Acting on behalf of Mayor William O’Dwyer, Grover A. Whalen, chairman of the Mayor’s Committee for the Golden Anniversary, told the Israeli soldiers that “the City of New York is proud of the opportunity to receive representatives of Israel, the youngest democracy in the world. New York justly takes pride in the fact that many of its citizens have made signal contributions to the rebuilding of a homeland for the homeless and oppressed Jews of the world, just as it is proud of the fact that many of those homeless and oppressed who were in past years given haven here have played a major role in the growth of the City, the 50th anniversary of which we are now celebrating,” Whalen declared.

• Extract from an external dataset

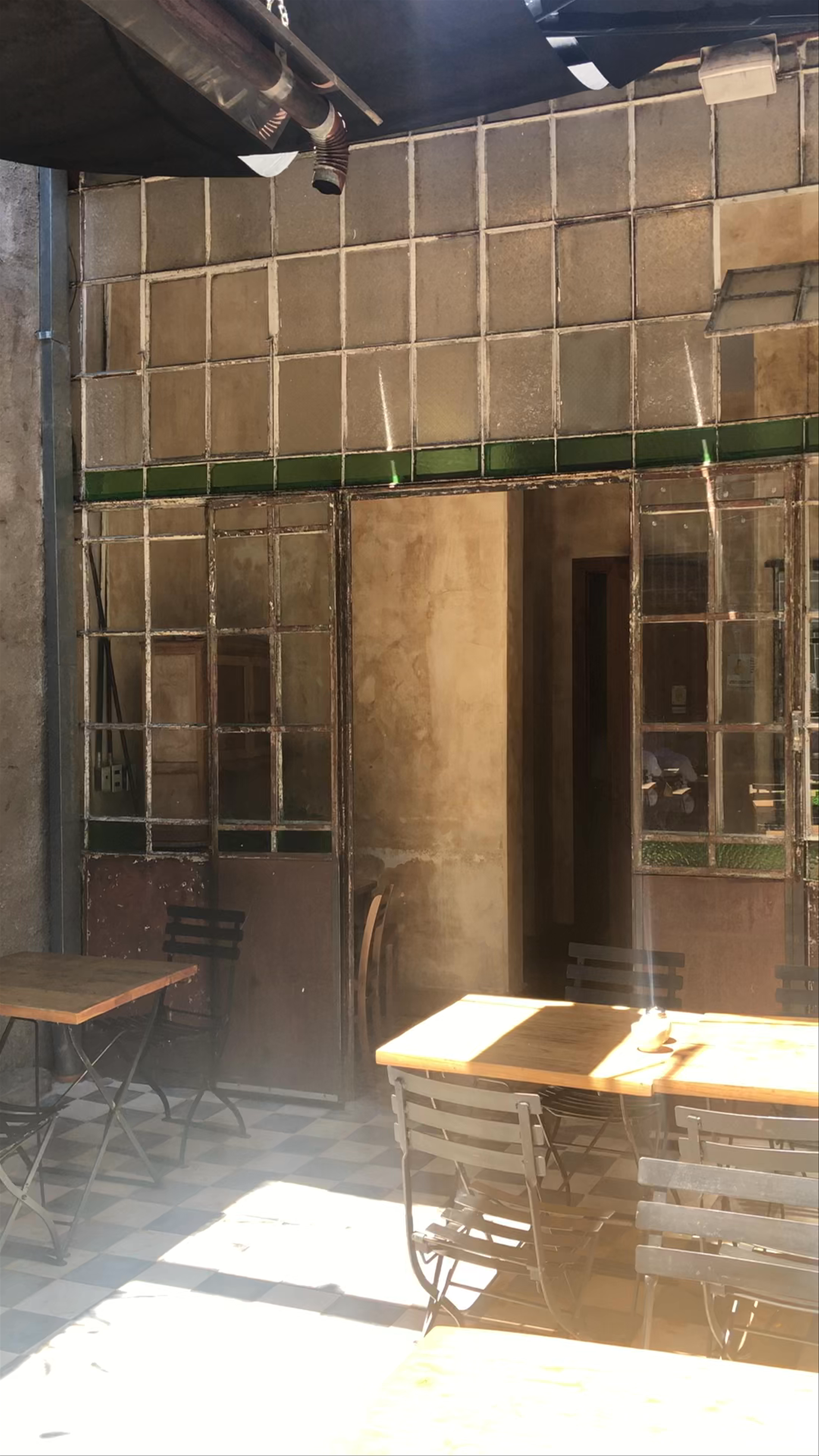 Le Pain Quotidien Buenos Aires: Sunlit Urban Oasis & Wholesome Eats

“We, in the largest city of the greatest democracy of the world, welcome the occasion of Israel Day to express our admiration for the courage and heroism of the people of Israel, who have taken on the tremendous job of building a new nation, despite almost overwhelming odds. We are confident that Israel will grow and prosper, and I know that the people of New York will continue all possible assistance to the builders and defenders of Israel through the United Jewish Appeal.

INSIGNIA OF ISRAELI ARMY PRESENTED TO MAYOR’S REPRESENTATIVE

Lieutenant Shula Friedberg, of the Israeli Army’s Women’s Corps, presented an official insignia of the Israeli Army to Whalen. A miniature sword, around which an olive branch is entwined, the insignia, Lt. Friedberg told Whalen, signified “Israel’s strong desire for peace, and its equally strong determination to defend itself against all those who seek to deny it the opportunity to rebuild the Jewish nation on the ancient soil of Israel.”

Captain Yehuda Koppel, a veteran of Israel’s major battles who saw service with the British Army during World War II, speaking for the delegation, said that “we wish to convey to the people of New York the gratitude of the people of Israel for their support in the up building of the Jewish homeland.”

Official greetings from the Government of Israel were voiced at the reception by Arthur Lourie, Israeli Consul General in New York, who expressed his appreciation for the designation of Israel Day by the Major’s Committee. Pointing out that the state of Israel could not have come into being without sympathy and assistance from the United States, and from the people of New York in particular, Lourie said that “50 years from now, at similar celebrations in Tel Aviv and other Israeli cities, New York will be honored for its expressions of friendship today.”